Romans 12:1-2, 9-18
November 11, 2018
Union University Church
Reverend Laurie DeMott
Today is the 100th anniversary of Armistice Day when the fighting of World War I officially came to an end. On November 11, 1918, at 11 am, the guns fell silent and in America, noise erupted as people rushed into the streets cheering, honking horns, and waving flags. It had been a devastating war in which 16 million people died, and in an acknowledgement of its devastation but also with hope that humankind had finally tired of violence, people began to call World War I “the war to end all wars.” I imagine in fact, that when four years later, in 1922, the Union University Church was formed, the members of that new congregation must have been ready to put aside their mourning and look optimistically to the future. In 1922, the nation was at peace and enjoying unusual economic prosperity which spilled over even into little towns like Alfred. When the President of Alfred University Booth Davis, who was also acting as pastor of this new church, gave the convocation address that year, he noted that the University had had such a stellar financial funding campaign the previous year that it had received for the first time an A rating among the nation’s colleges.

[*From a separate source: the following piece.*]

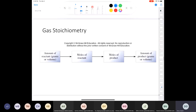After the break, we'll talk about gas stoichiometry — basically just stoichiometry but incorporating gases instead of only solids and liquids.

It had raised the unheard of amount of $400,000. In fact, Booth added, enrollment was so good that year that they were building a new science lab to accommodate all of the students.1 Certainly those charter members of the Union University Church saw only good things for the future, and yet how quickly their faith would be tested. In 1929, only seven years after that first Sunday together, the Stock Market crashed and for the next ten years, the members of this church along with the rest of the country struggled through the doubts, fears, and privations of the Great Depression. The depression finally ended in 1939, but economic recovery came at the cost of another war. World War I had, after all, not been the war to end all wars, but only the first in a century of violent conflicts: in the 1940s, there was World War II, in the 1950s, Americans served in Korea, in the 1960s and 70s, we sang “Where Have all the Flowers gone?” and mourned over the graves of young soldiers killed in Vietnam, and in the 1990s, and on into the 21st century, the members of this church prayed for those deployed in the Persian Gulf, in Iraq, and in Afghanistan.

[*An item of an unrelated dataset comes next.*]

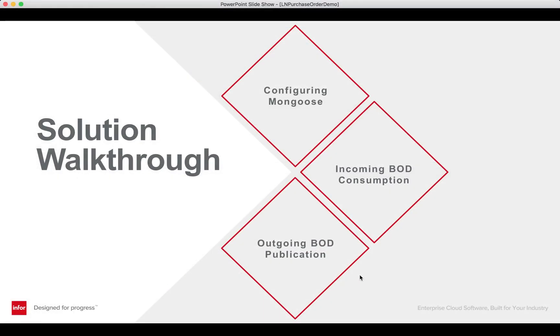This concludes our LN Mongoose integration demo. For more information regarding this project, as well as some of the BOD documents used, you can visit the Mongoose portal. Thanks for watching!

And war abroad was not the only thing that tested the faith of the members of the Union University Church throughout the years of our history. In the 1950s, Senator Joe McCarthy and the House Committee on Un-American Activities warned of communists hiding in every closet. In the 1960s, children practiced duck and cover exercises after the Bay of Pigs brought us to the brink of nuclear war. In that same decade, police turned fire hoses on citizens marching for Civil Rights, little girls died in a church bombing in Birmingham, and President Kennedy, Robert Kennedy, Malcom X, and Martin Luther King, Jr. were all assassinated. The 1970s opened with bloodshed at Kent State, and with the first Earth Day awakening the nation to the growing threat of environmental decay. In the 1980s, the AIDS epidemic made pariahs of gay men and women, and in 1998, the murder of Matthew Shepherd opened the eyes of a nation to the suffering of LGBTQ people.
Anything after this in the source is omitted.